## WHAT NEEDS TO BE DONE
After locating the line with "Damen Performance Poloshirt Contrast" below, output it and each following line exactly, stopping after the line with "HP ProBook 455". No pictures.

━━ RECORDS FOR PROCESSING ━━

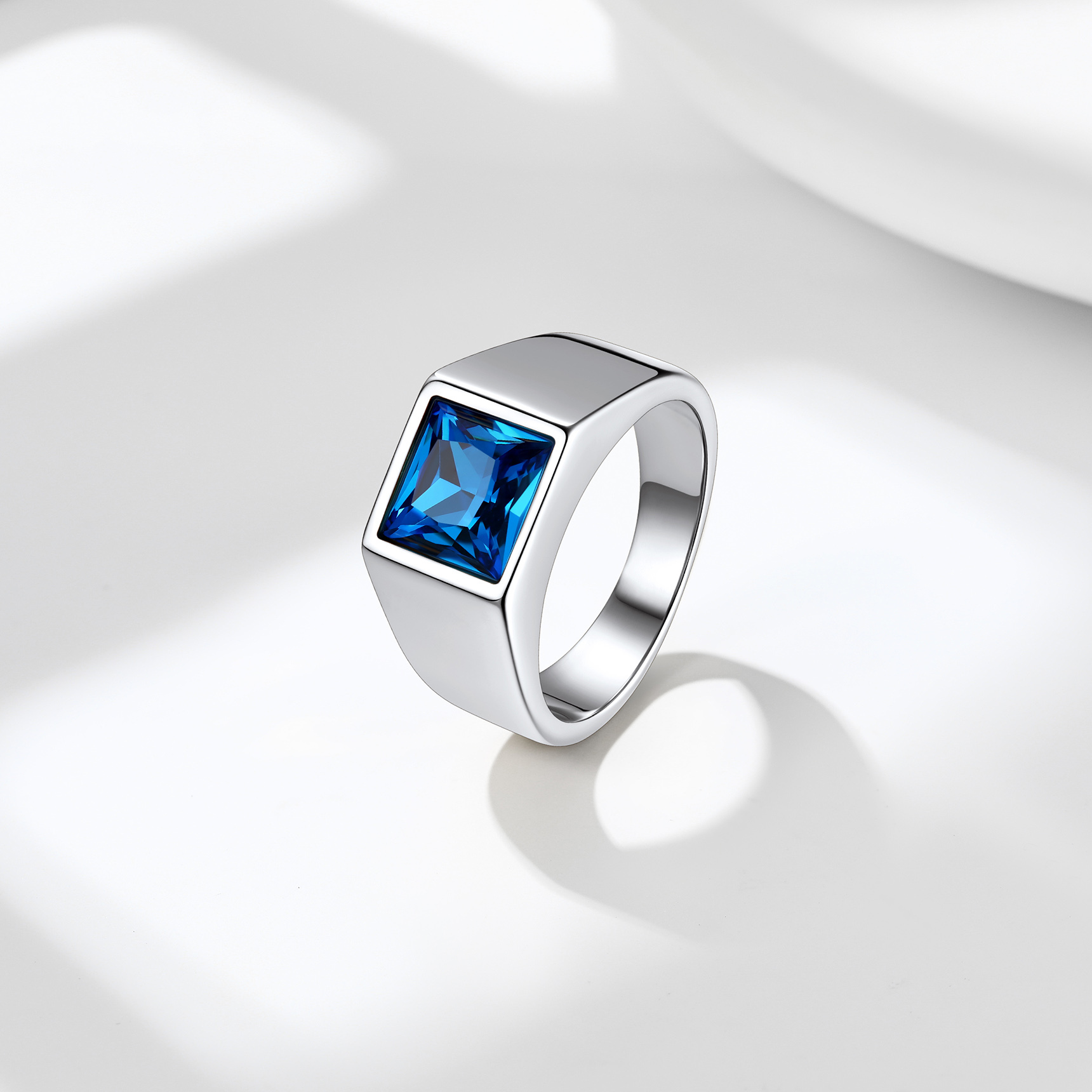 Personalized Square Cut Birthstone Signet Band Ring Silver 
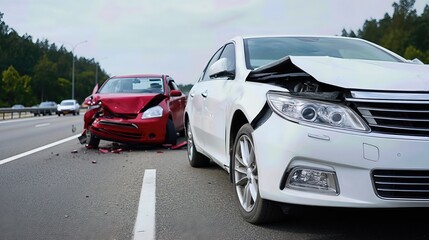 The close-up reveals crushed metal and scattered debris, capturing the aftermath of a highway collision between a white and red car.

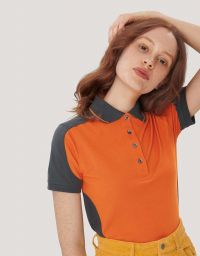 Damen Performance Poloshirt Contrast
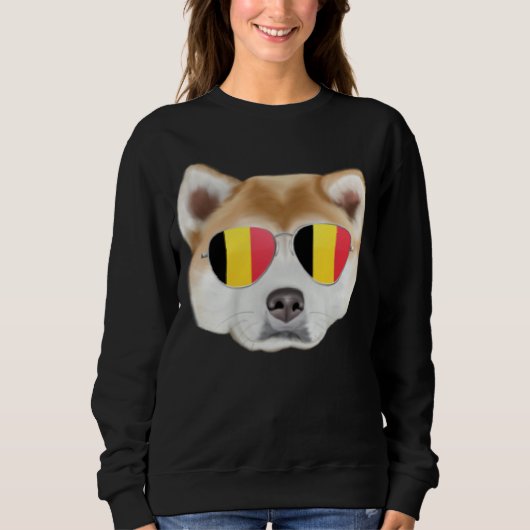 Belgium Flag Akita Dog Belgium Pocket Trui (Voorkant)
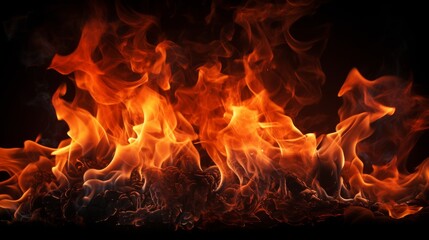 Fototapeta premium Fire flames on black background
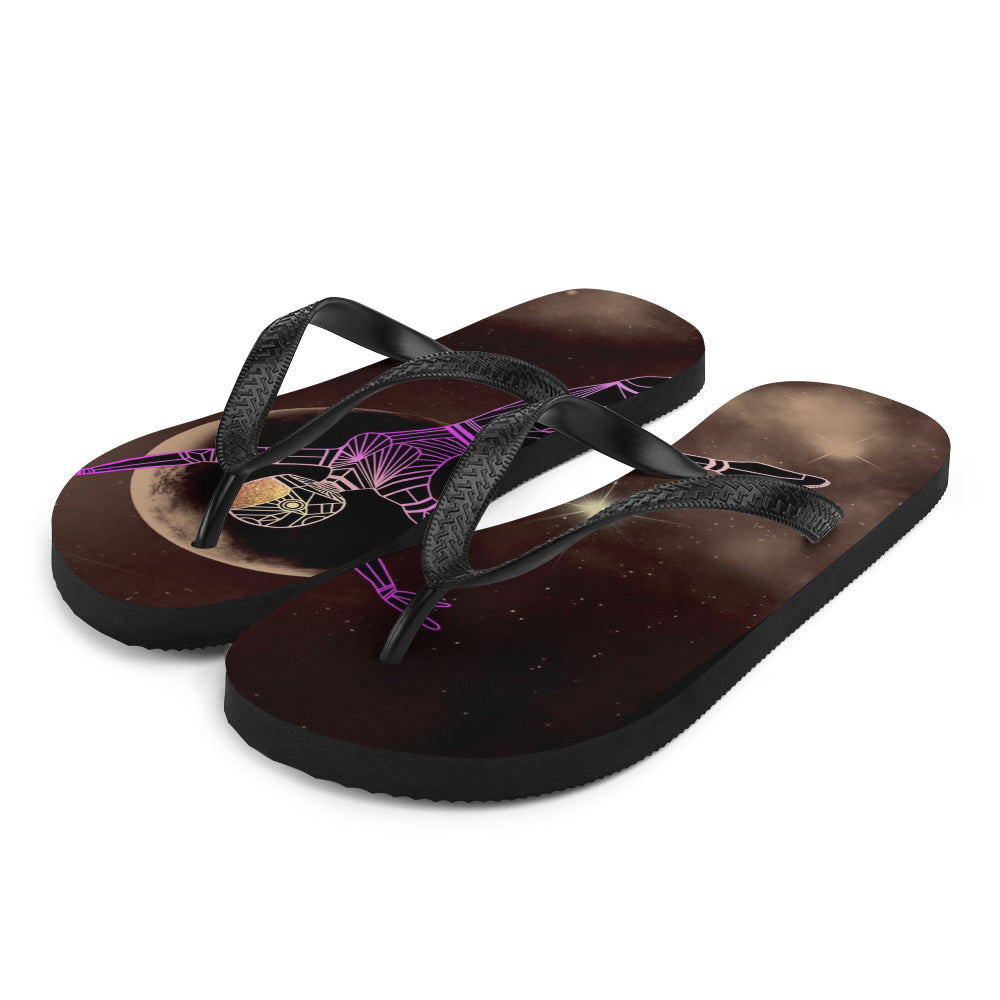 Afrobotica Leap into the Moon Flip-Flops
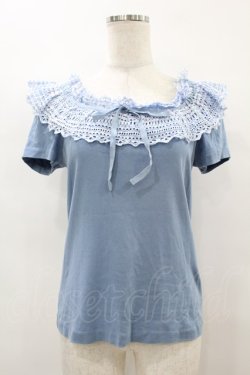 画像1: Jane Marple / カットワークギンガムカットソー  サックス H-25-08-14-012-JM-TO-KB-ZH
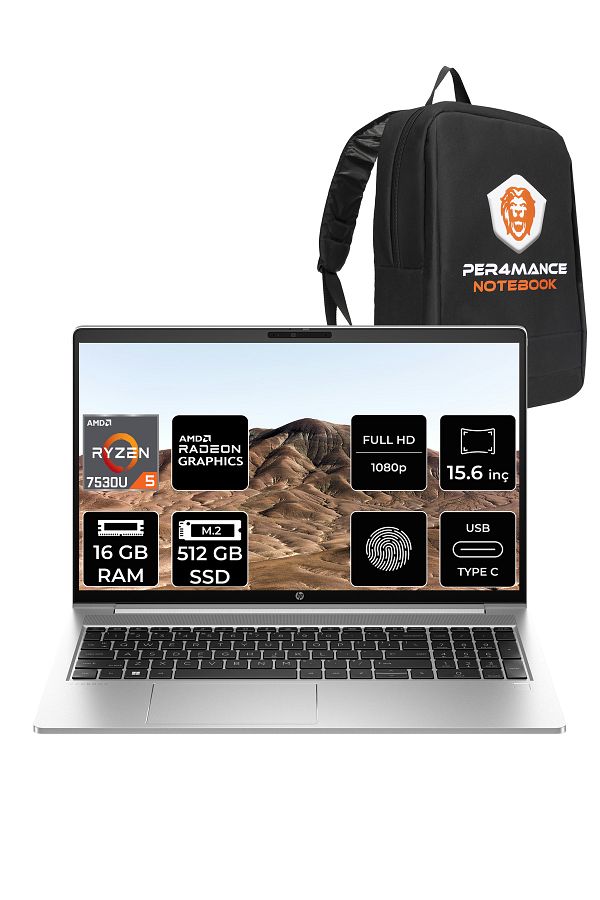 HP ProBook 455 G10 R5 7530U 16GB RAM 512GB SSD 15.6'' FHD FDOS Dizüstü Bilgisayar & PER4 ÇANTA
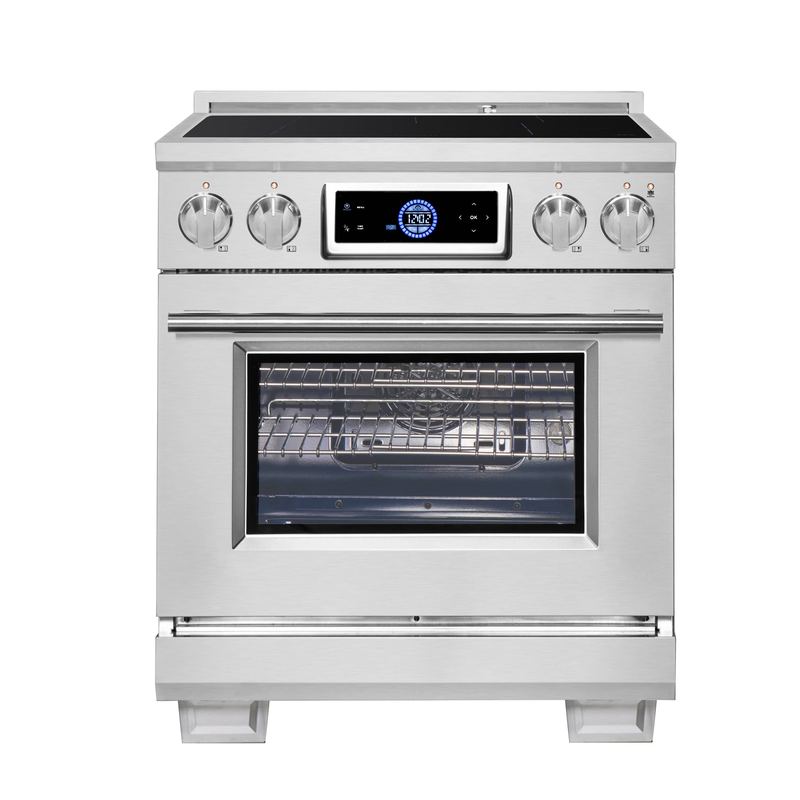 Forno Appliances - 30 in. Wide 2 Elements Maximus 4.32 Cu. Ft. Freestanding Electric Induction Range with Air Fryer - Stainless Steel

━━━

## EXPECTED ANSWER
 Damen Performance Poloshirt Contrast
 Belgium Flag Akita Dog Belgium Pocket Trui (Voorkant)
 Fototapeta premium Fire flames on black background
 Afrobotica Leap into the Moon Flip-Flops
 画像1: Jane Marple / カットワークギンガムカットソー  サックス H-25-08-14-012-JM-TO-KB-ZH
 HP ProBook 455 G10 R5 7530U 16GB RAM 512GB SSD 15.6'' FHD FDOS Dizüstü Bilgisayar & PER4 ÇANTA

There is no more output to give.